The comments came out of nowhere, which is why they took us by surprise.

Over the four years we’d known him, our friend, Steve, was well aware we were Jewish. But all of a sudden, this summer, anti-Semitic jokes began spilling into his conversation in the most random ways.

“Everyone knows Jews make all the money,” he deadpanned during a golf game. Was he joking or serious? The Jewish golfers around him wondered. No one said a word, but we talked it over later. Why would he say something like that? It had felt like a slap in the face, a bombshell dropped on an otherwise beautiful day out with friends.

We let it go.

But a few weeks later, there were more comments. And later, even more.

I was angry at our friend, but mostly disappointed. Did he not realize from the stunned silence how offensive he was being? Was he testing the boundaries of humour with his Jewish friends, trying to poke fun, or intentionally voicing anti-Semitic sentiments? My husband and I talked it over late at night and decided it had to be a pathetic attempt at humour that was, at best, inappropriate.

After another Jew-comment over dinner, I tried to address the unfunny jokes anecdotally.

“Can you believe it? A North Vancouver city councillor recently announced at a council meeting that he would not be ‘Jewed down’ on taxes?” I told our group of friends.

Last May, Rod Clark had said the city was “getting Jewed down completely” on the taxes it was owed. When his political blunder was addressed seconds later at the same meeting, the stubborn man refused to retract his comment, believing the phrase was just an ordinary, meaningless part of the lexicon.

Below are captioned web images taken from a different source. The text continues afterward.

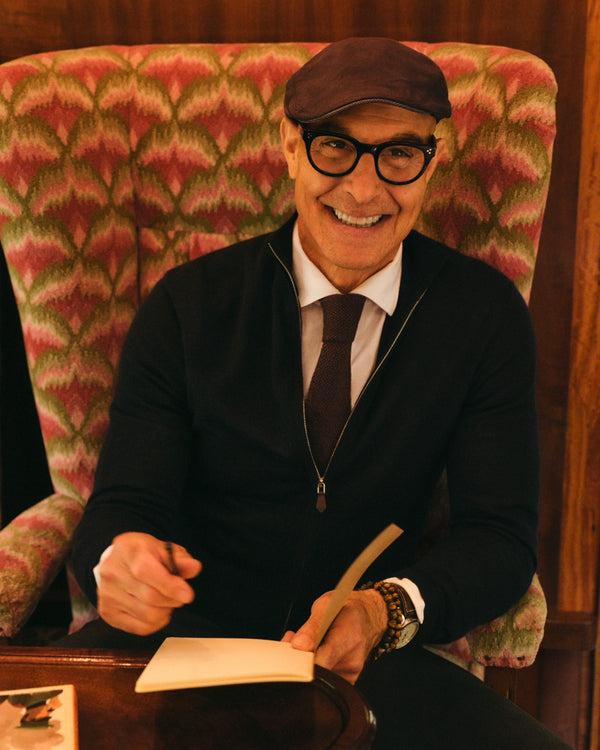 N.peal TUCCI KNITTED TIE In Navy Blue + Brown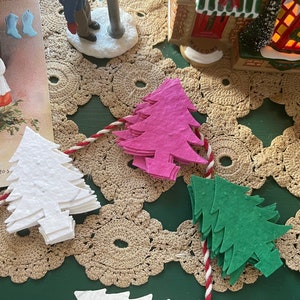 Plantable Flower Seed Paper Christmas Trees ~Bundle of 25~ White or Green or Pink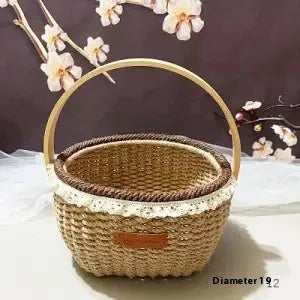 Hand-woven straw basket with hemp rope detailing in rustic coffee brown colour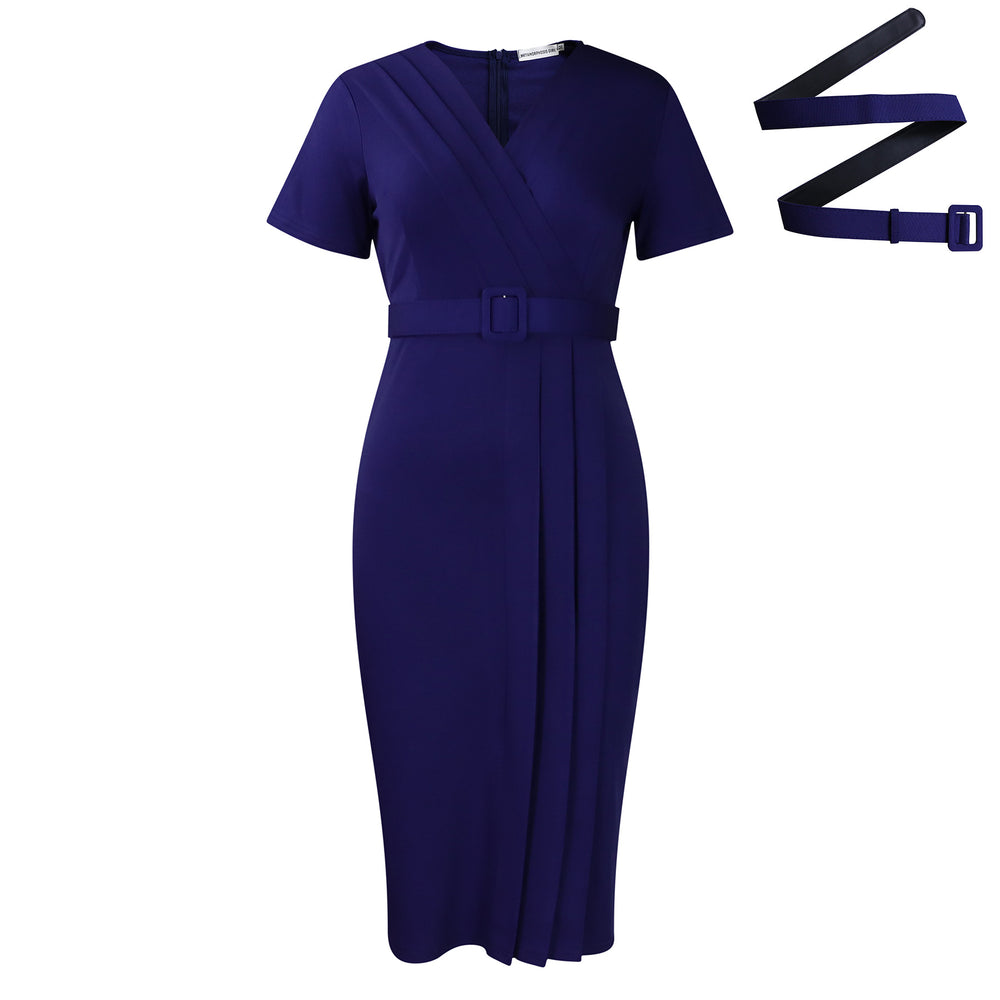 D504 cross-border women's summer  new arrival: short-sleeve v-neck, slim-fit solid color office lady pencil skirt african dress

It wasn’t until it made the headlines that he could be convinced otherwise and changed tack, swapping indignation for repentance. “A lot of people don’t consider the racial stereotypes behind comments like this,” I declared, making sure Steve was listening carefully.

The conversation moved on. But the anti-Semitic cracks Steve had voiced still weighed heavily on my mind. I wrestled with the prospect of a direct confrontation and decided it was the only way to completely clear the air.

I knocked on his door and with a grave expression and little preamble, started my shpiel. “Those Jew jokes you’ve been making – they’re really not funny,” I told him. “They hit a nerve and make me very uncomfortable. Please, no more.”

Steve apologized for his poor taste in humour, and we moved on. The Jew jokes stopped completely and the friendship continued with barely a hiccup.

Except that comments like the ones he uttered can never be completely eradicated. They get stored somewhere deep in our individual psyche, and when they’re uttered again, they emerge, their arrows sharper and more penetrative than ever.